Reputation: 447
I am trying to replace the item
with object
for the keys in a Python dictionary. I was wondering if re would be required. Or if I can use the replace function? How would I go about doing this?
What I have:
mydictionary = {
'item_1': [7,19],
'item_2': [0,3],
'item_3': [54,191],
'item_4': [41,43],
}
What I want:
mydictionary = {
'object_1': [7,19],
'object_2': [0,3],
'object_3': [54,191],
'object_4': [41,43],
}
Upvotes: 3
Views: 8327
Reputation: 6234
mydictionary = {
key.replace("item", "object"): value for key, value in mydictionary.items()
}
The syntax uses dictionary comprehension to create a new dictionary based on the old dictionary but with a modification in old dictionary keys.
Also re
module could be used instead of the string replace
method but since there is no regular expression/pattern involved re
module will only complicate the code.
Upvotes: 5
Reputation: 610
You can not change a key in a dictionary. The only way to replace it is to create a new dictionary or, add a new key and delete the old key.

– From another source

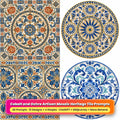 Cobalt and Ochre Artisan Mosaic Heritage Tile Tableware Prompt Pack title card: Heritage Grand Medallion Collection (Square), Heritage Starburst Mosaic (Circular), Heritage Rosette Tile Collection (3:2), Portuguese Coastal Heritage Tile (Circular), made with prompts #1, #6, #11, #14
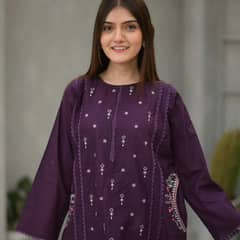 2 Pcs whoman stitched linen  Embroidered suit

The code below uses dictionary comprehension to create a dictionary.
mydictionary = {
'item_1': [7,19],
'item_2': [0,3],
'item_3': [54,191],
'item_4': [41,43],
}
mydictionary = {f"object_{index}": mydictionary[value] for index, value in enumerate(mydictionary, 1)}
output:
{'object_1': [7, 19], 'object_2': [0, 3], 'object_3': [54, 191], 'object_4': [41, 43]}
Upvotes: 0
Reputation: 206
You can't change the keys in a dictionary, so you will need to create a new dictionary. The most concise way to do this is probably comprehensions. First we, need to replace every string "item" with "object" in our old keys, then create a new dictionary with the same values. This should do it:
# Get keys
oldkeys = list(mydictionary.keys())
# Change "item" to "object"
newkeys = [s.replace('item', 'object') for s in oldkeys]
# Get values
vals = list(mydictionary.values())
# Create new dictionary by iterating over both newkeys and vals
newdictionary = {k: v for k, v in zip(newkeys, vals)}
newdictionary
now looks like this:
{'object_1': [7, 19], 'object_2': [0, 3], 'object_3': [54, 191], 'object_4': [41, 43]}
Note that you could combine this into one comprehension with mydictionary.items()
to get the key and value pairs as a tuple.